Search code examples
pythonpdfocrimage-recognitionpdf-parsing

Identify and extract specific sections of a PDF document


I have several exams in PDF format. I want to programatically extract each question as a separate image/document. OCR is not ideal because it does not maintain code/equation formatting well. The end goal is to make flash cards with each card containing an image of an entire question. Questions can be on the same page, and can also be multi-part (e.g. 1a, 2f, etc.).

Currently, I'm considering using OCR to extract question tags (e.g. 1, 2, 3, etc.) and then finding their positions in the pdf and extracting an iamge from the start of one question to the start of the next. Is there any framework or software that can do this or provide some sort of alternative approach to make this easier?


Solution

  • Have a look at Science-Parse by Allen AI. It does a pretty decent job at extracting metadata from PDF documents. Often, its better than other text extracting software such as textract and pdfplumber.
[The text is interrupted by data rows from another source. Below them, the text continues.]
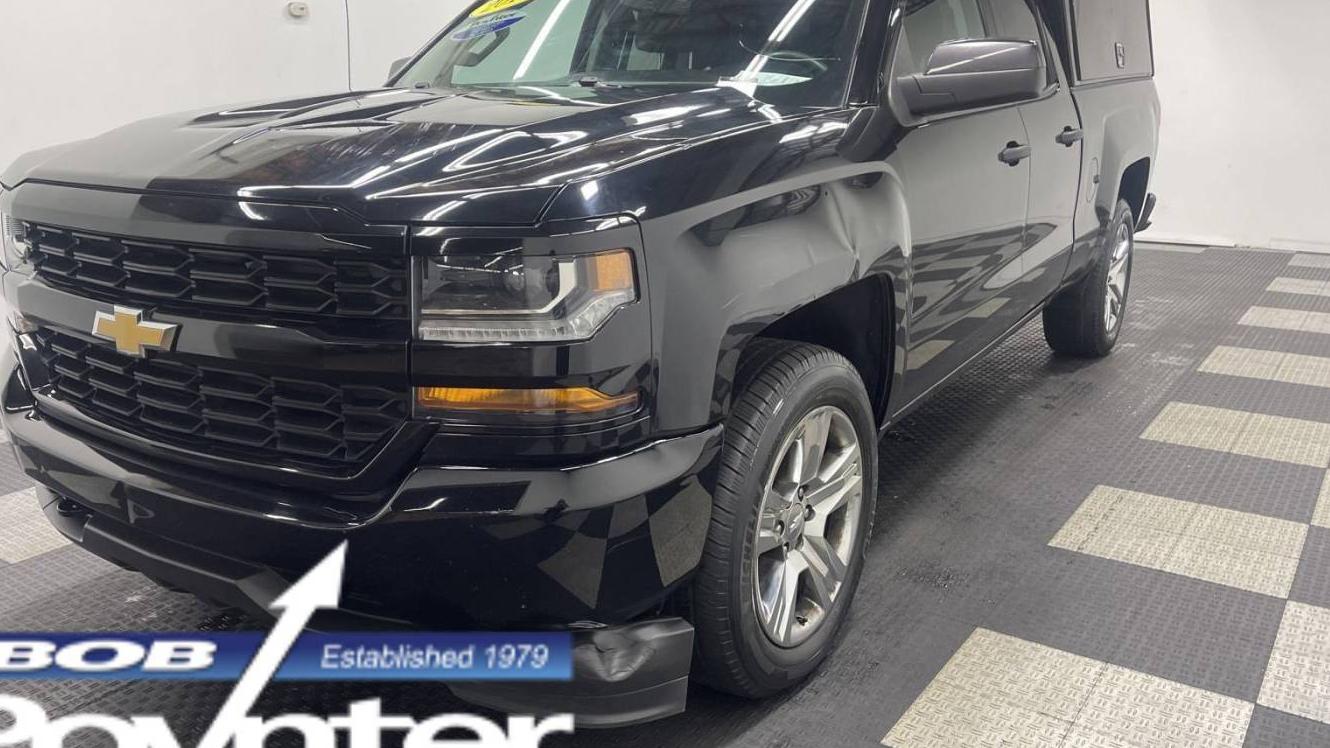 CHEVROLET SILVERADO-1500 2017 1GCRCPEH8HZ304111 image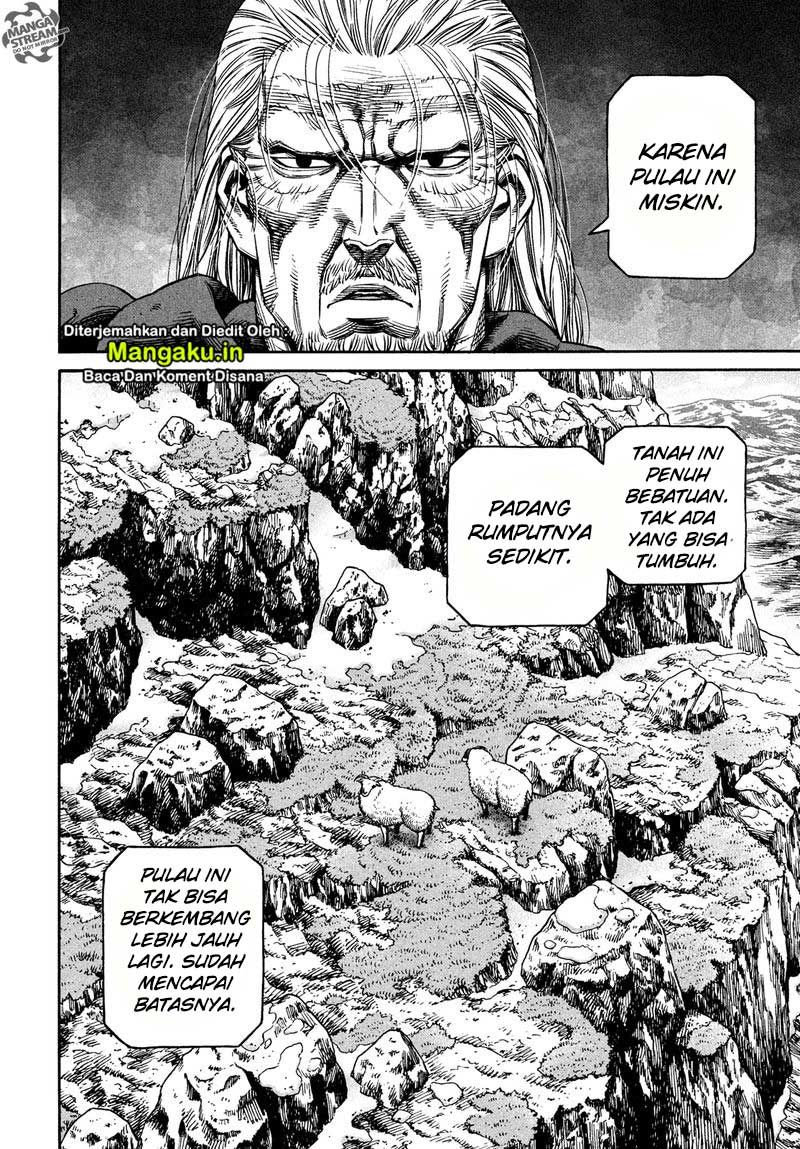 Vinland Saga Chapter 164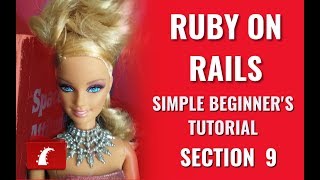 Ruby on Rails 5 Beginner's Tutorial - 9. Bootstrap 4 - Adding Bootstrap Gem
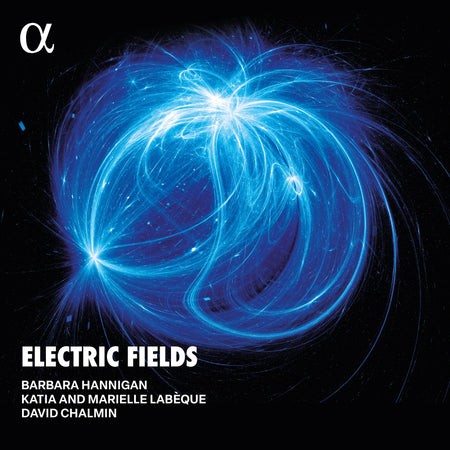 Electric Fields (LP version) - Front Cover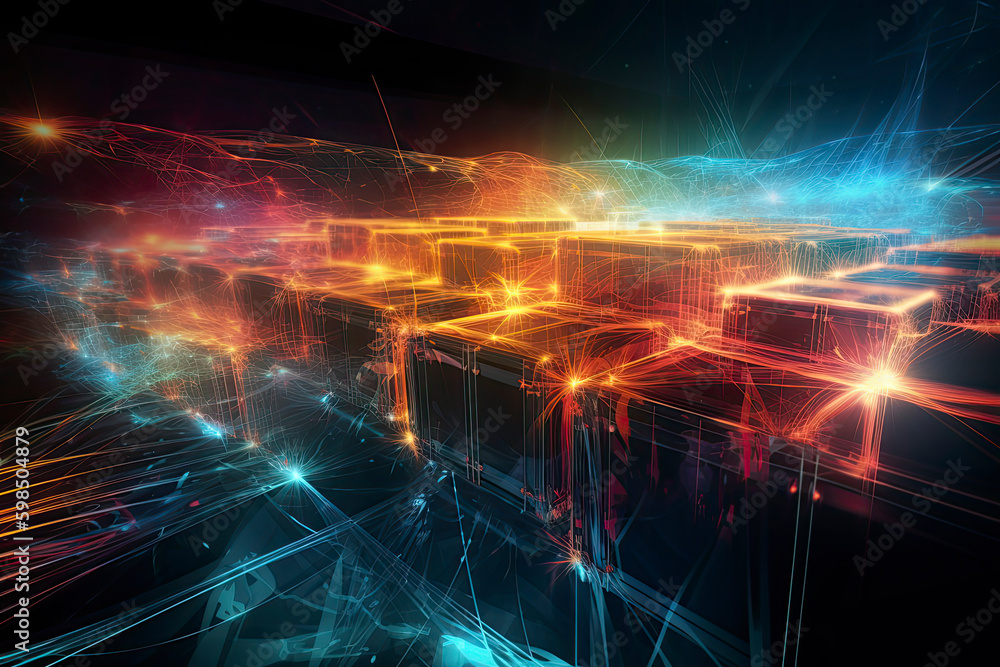 Quantum Logistics Abstract Quantum Logistics Abstract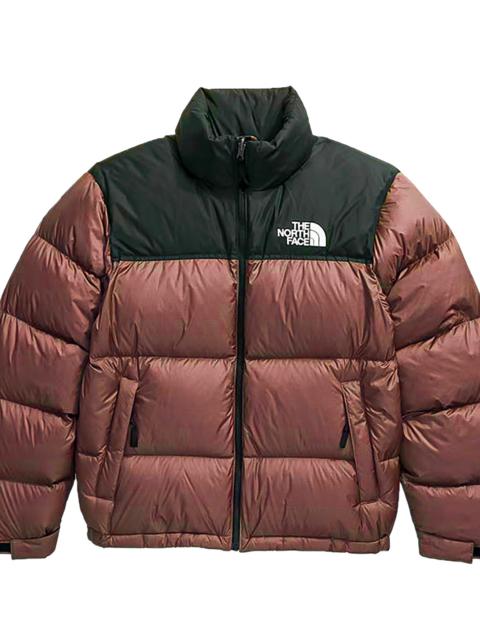 The North Face 1996 Retro Nuptse Jacket "Ember Soil / TNF Black" NF0A3C8DJX7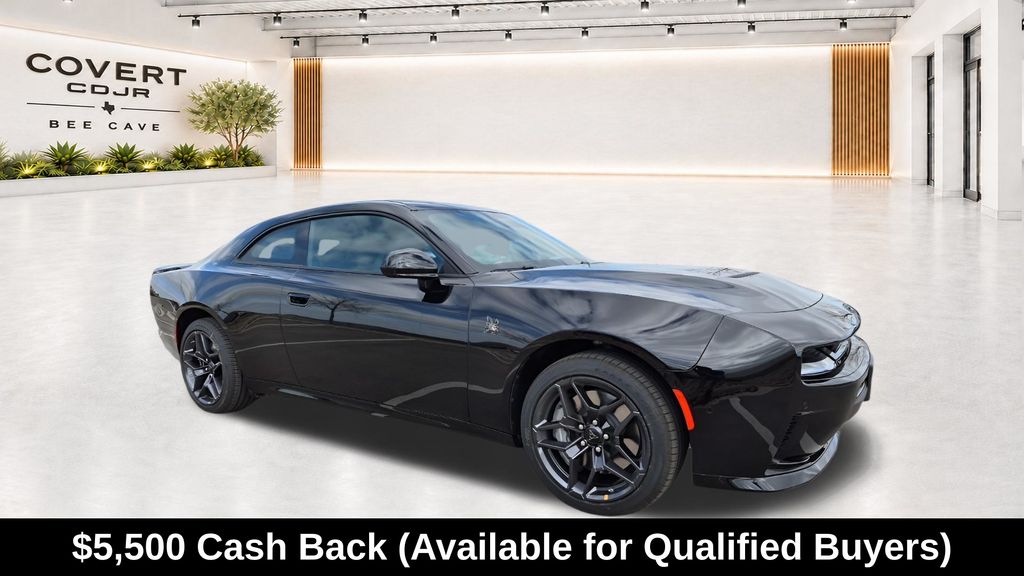 2026 Dodge Charger Scat Pack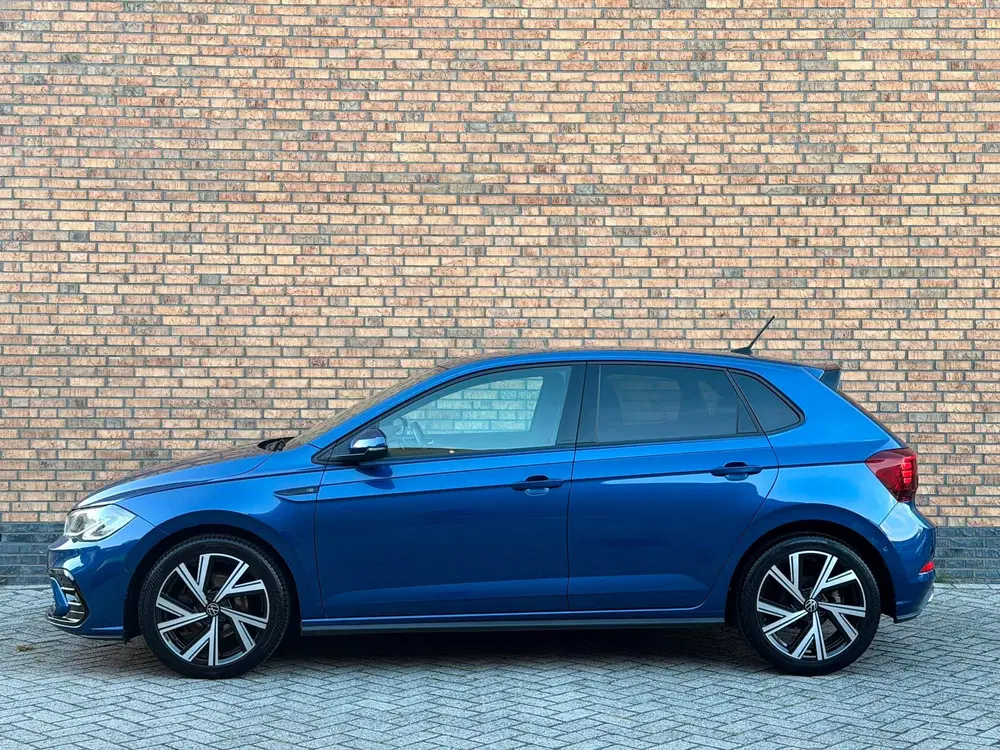 Volkswagen Polo 1.0 TSI R-Line Dsg Acc Lane Blind Standkac uit 2022, foto 3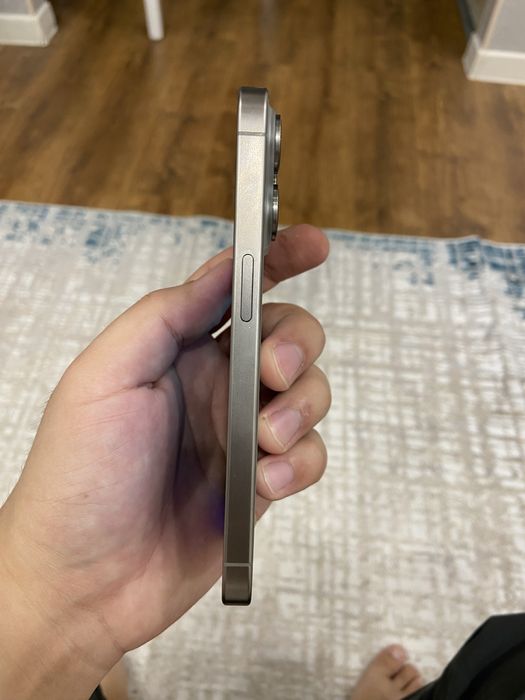 Айфон 15 про 256 гб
    Extraction of mathematical formulae from PDF accurately has been a research topic for many years now. I have not found any open source projects/packages/softwares related to extracting mathematical formulae precisely, although there are a number of research papers which describe methods to do that such as this and this. (More research has been done on recognition of mathematical formula or converting them to a proper markup such as LaTeX, MathML, etc.) Most of these papers use information about the font, baseline, glyph bounding boxes, line spacing, etc. to correctly recognize mathematical formulae and extract them.

    For OCR, you can always use Infty. This is what the description for InftyReader says:

    InftyReader recognizes scanned images of printed scientific documents including Math formulae, an outputs the recognition results in various formats: XML format for InftyEditor, LaTeX, MathML, Human-Readable TeX for the blinds, etc.